Thanks. On the one hand I agree that the profusion of TimelineFocus / TimelineFocusKind / TimelineFocusData is weird and confusing; it's grown organically according to our needs, and would benefit from getting refactored. Having a better abstraction to represent what's possible in one timeline kind or the other would indeed be great.

On the other hand, not sure a new trait is the best way to achieve this: most methods would be implemented exactly the same way, so apart from the "loader", I'm not sure we'd have some many things that are different from one impl to the other.

Besides, there's another big issue in our current design: we're using the all_remote_events to note all the events the current timeline knows about. For the live timeline, it's all good and well; after all, the live timeline is listening to all the events coming down from the sync, so they're indeed all the remote events.

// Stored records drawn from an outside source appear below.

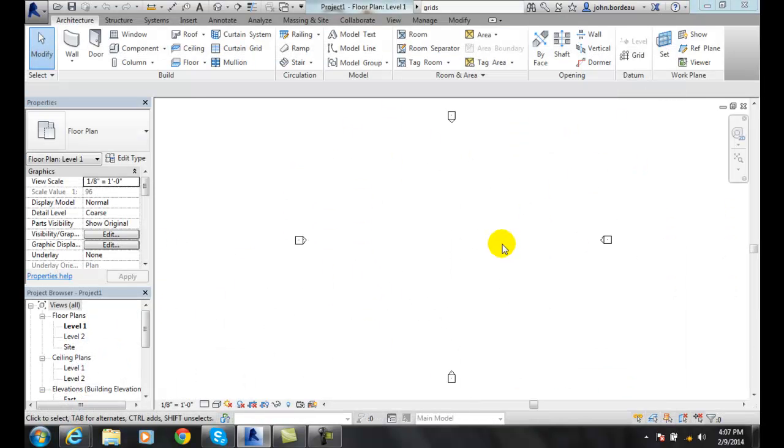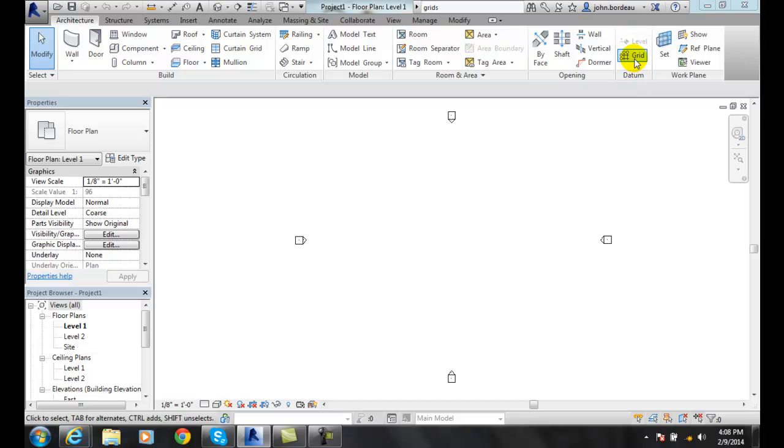Now, if we want to take a look at grids, we've got to be in our architecture and we have to be over here in our datum—or datum, tomato, tomato.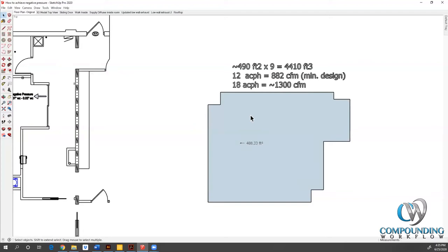We actually ended up settling on a unit at 1200 CFM. I'll do another video where I talk about sometimes you actually may want to go above that number, depending on where you are located geographically.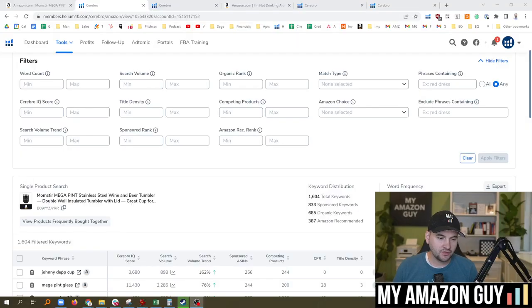Should you be focused on PPC or SEO? That's the question I'll answer in my golden one to two ratio video today. My name is Stephen Pope and I'm the founder of My Amazon Guy. So let's jump right in.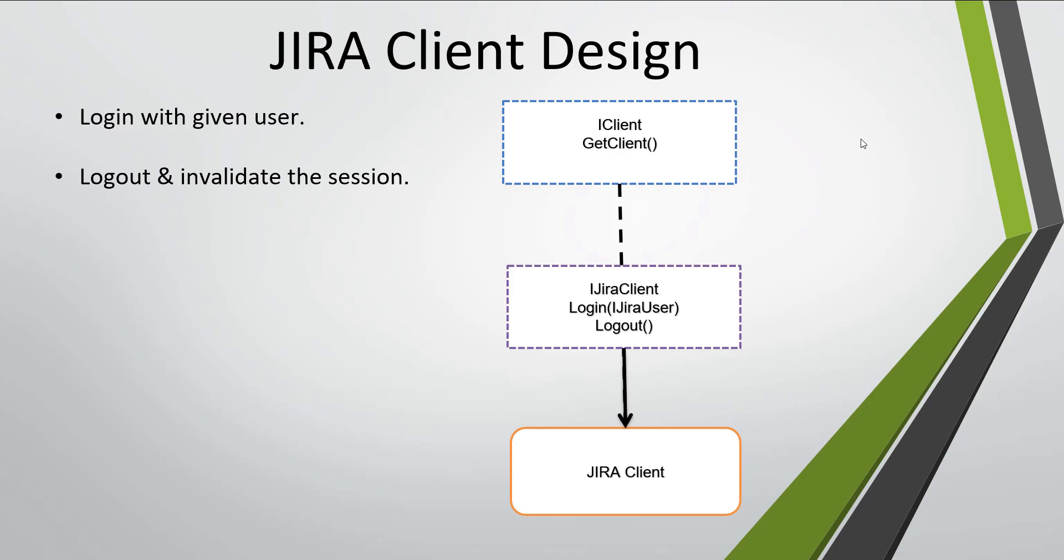The JIRA client is going to implement the iJiraClient interface, and the iJiraClient interface is going to inherit from the iClient interface. With this approach, the JIRA client will have both the specialized behaviors as well as the behavior that is coming from the iClient interface.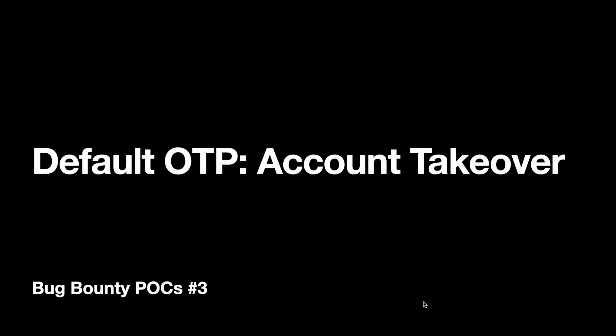Hello everyone, welcome to the third episode of Bug Bounty POCs, a series where I explain the reproduction steps of my own findings and also explain the reporting process behind them.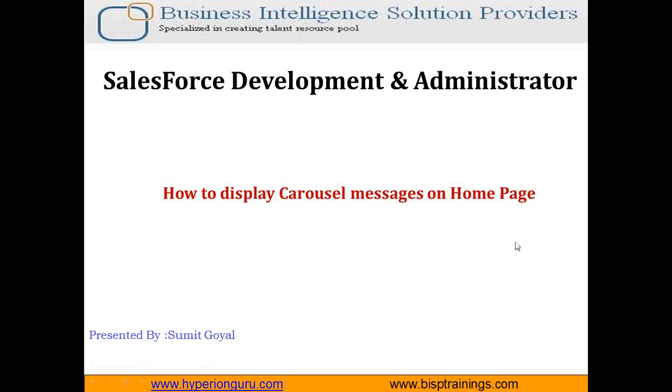Hello everyone, welcome to BISP trainings.com. My name is Sumit and the topic for today's video is how to display carousel messages on homepage. You must have seen on various websites or web pages some text or images in auto rotation mode.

For the other timelines, though, it's a lie: we're still accumulating metadata from the events loaded in the context of those timelines, and putting them into all_remote_events, but they're not modeled after the live updates from the event cache. As a result, we can't apply the live updates in real-time (because the indices from the event cache updates won't match any of the events backing the non-live timeline), and have to complicate the implementation of handling live events related to a non-live timeline (see last commit in #5060).

This suggests that the "model" powering the timeline items should be different, whether we're on a live timeline, or a non-live timeline. It could be that a live timeline uses AllRemoteEvents, while other timelines have it too in addition to their actual Vec<TimelineEvent>. This might benefit from the abstraction we're talking about in this issue, be it a new trait or something else.